Sunday 13 April 2014

Reading cure

It's a myth that when you're ill, you catch up on all that reading that's been piling up behind the armchair.

In my book pile there's all sorts of interesting stuff and I've just had a vile cold for three weeks, but I couldn't concentrate at all, so I haven't touched the pile.

On the other hand, I did want to read and I didn't want to read rubbish. I don't lose my critical faculties when I'm ill - I just want to read stuff that's quite straightforward, or so short that I've a chance of staying awake till the end.

So here are some books I'd pick off my shelves for a good friend who's just retreated under their duvet with a nasty bug.

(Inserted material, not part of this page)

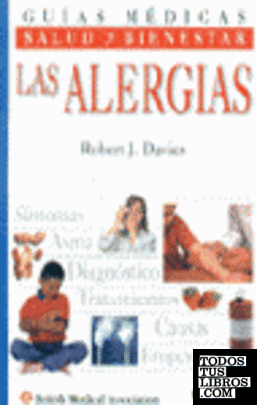 Las alergias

Any Maigret novel by Simenon. They're entirely predictable - everyone assumes the obvious culprit did the crime, but Inspector Maigret sits in bars, watches people, mulls, and then conducts an all-night interrogation in his office, smoking pipe after pipe. It's wonderfully soothing.

This is pure comfort reading - I started reading Maigret when I was at school, and I studied French at university so I could spend a year drinking in ill-lit Parisian bars like Maigret. I never made it to Paris, but I still love the novels.

My comedy comfort-reading equivalent to Simenon is a Jeeves and Wooster novel. I've read them all, and am always happy to tuck myself into one again. It's like eating a bar of milk chocolate in your pyjamas. Sheer indulgence.


Lydia Davis's short stories. 
Short stories are great when you can only stay awake for half an hour, and Lydia Davis's are brilliant - they're hugely varied, though she does have a distinctive deadpan tone, and often surprising. And they're really short, most of them, so you can read one, reread it, and fall asleep thinking about it.

I’ve just reread 'The Cottages', in which the narrator simply describes two old women she knows, and in the gaps between the two descriptions lies some kind of revelation. It's three pages long, and beautiful. Here's the opening:

'She is seventy-nine or so, and on the one hand it's hard to talk to her (she has come to dinner, it's just the two of us; she eats much more than I thought an old lady would ...'

Diaries: when I'm not up to doing anything, it's good to live vicariously and read about what other people have been up to. My ideal diary is one with a bit of self-deprecation, a dry wit, and a seam of anger. Chris Mullins is great for this, and in moments of feeling glum, I also go back to Alan Bennett:

'When I come back from filming - emerge, as Goffman would say, from an intense and prolonged period of social interaction - I feel raw, as if I have in some unspecified way made a fool of myself.' (Filming and Rehearsing, 18 March 1978)

Novels: I've just read Hannah Kent's Burial Rites. What a joy - an old-fashioned novel, with characters you care about and puzzle over, a plot with layers that you never quite know if you're going to understand, and a landscape that I feel I've lived in, so embedded was it in the story. Kent pulled me into 19th century Iceland so entirely that I emerged blinking at the end as if I too had spent a year in the darkness of a turf hut with Agnes. Awesome.


And here's the perfect novel for when you're beginning to feel better, so you can read for several hours without falling asleep. Philip Hensher's The Northern Clemency is the huge (738 pages) story of two families in Sheffield over several decades. It has rich characters, a delightful fondness for suburbia in the 70s and 80s, and a wry humour. Here's a joyful snippet from a scene in a supermarket:

'The Tannoy announced a good deal for today only in Gateway, ten pence in the pound off beef mince; a voice so weary with tragedy, it might have presided over the fall and decay of a thousand cities, each of them reducing beef mince by ten pence in the pound as its walls fell.'


Finally, I'd just like to say that Middlemarch is a rubbish book to read when you're ill. I read it recently, because I felt I should, and because I'd given up on it once before. I don't like giving up on books, so I persevered. And when I reached the end I realised that I had read it all the way through before, but had forgotten the whole thing. First time, I was ill with ME, and read it in a brain-dazed state. So now I've read it twice, and don't need to read it again. So there.